Die EU-Kommission wirft der Bundesregierung Versäumnisse im Kampf gegen Tabakkonsum vor und droht mit rechtlichen Schritten. Deutschland lasse sich mehr Zeit als andere Länder, um rauchfreie Zonen zu schaffen, sagte der Brüsseler Gesundheitskommissar Markos Kyprianou der "Berliner Zeitung".
Er forderte Berlin auf, endlich das europäische Werbe- und Sponsorenverbot für Tabak in nationales Recht umzusetzen. Deutschland hat die dafür gesetzte Frist Anfang April verstreichen lassen. "Ich bin entschlossen, den Fall unverzüglich vor den (Europäischen) Gerichtshof zu bringen", sagte Kyprianou. Deutschland und Luxemburg sind nach Angaben des EU-Kommissars die einzigen EU-Staaten, die das Tabakwerbeverbot noch nicht gesetzlich geregelt haben.
Die Bundesregierung wies die Vorwürfe zurück. "Es geht nicht darum, den Nichtraucherschutz verhindern zu wollen", sagte eine Sprecherin. Die EU solle aber nicht vorschreiben, welche Werbung in Deutschland gedruckt werde und welche nicht.
Warnung der Grünen
Die Grünen warnten bereits Ende März vor Strafzahlungen bei einer weiteren Verzögerung der Umsetzung des europäischen Tabakwerbeverbots. "Statt einen gesundheitspolitisch sinnvollen Baustein zum Nichtraucherschutz anzugehen, setzt Angela Merkel lieber Steuergelder aufs Spiel", sagte die Grünen-Gesundheitsexpertin Birgitt Bender.
Das Werbeverbot muss seit vergangenem August überall in der EU in Kraft sein.
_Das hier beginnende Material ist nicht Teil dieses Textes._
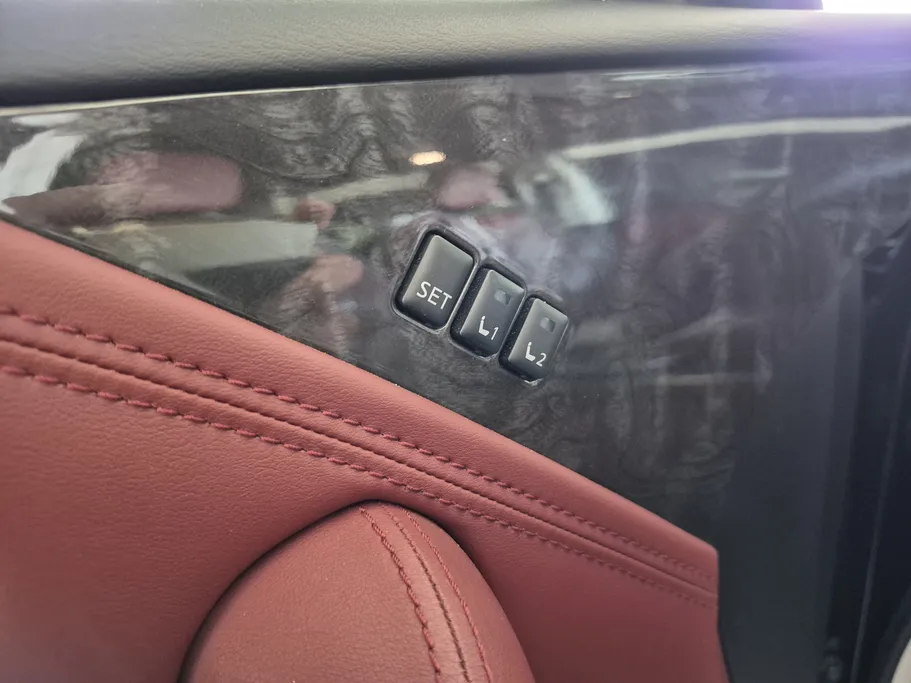 نيسان باترول SE Platinum 2024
Die Richtlinie verbietet grenzüberschreitend Werbung für Zigaretten und andere Tabakprodukte in Printmedien, im Radio und im Internet. Sie untersagt zudem Sponsoring internationaler Veranstaltungen durch Zigarettenhersteller. Tabakwerbung im Fernsehen ist seit Anfang der 90er Jahre verboten.
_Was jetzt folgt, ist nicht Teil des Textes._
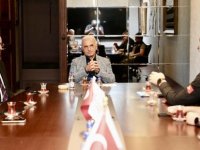 ANKEBUT TAKIMINDAN TAKIM RUHU ÖDÜLÜ!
Kyprianou hofft auf rasche Umsetzung
Kyprianou meinte zuversichtlich, der Nichtraucherschutz in Deutschland sei populär. "Ich hoffe, dass die deutsche Regierung das berücksichtigt und rasch wirksame Maßnahmen ergreift, um Rauchen an allen Arbeitsplätzen und in allen frei zugänglichen Räumen zu untersagen." Als Vorbild nannte Kyprianou Irland, wo das öffentliche Rauchen auch in allen Kneipen und Bars seit zwei Jahren verboten ist.
An den Folgen des Tabakkonsums sterben in der EU jährlich 650.000 Menschen. "Weil das Kosten von bis zu 100 Milliarden Euro verursacht, ist Nichtraucherschutz auch eine gute Investition", sagte der Gesundheitskommissar.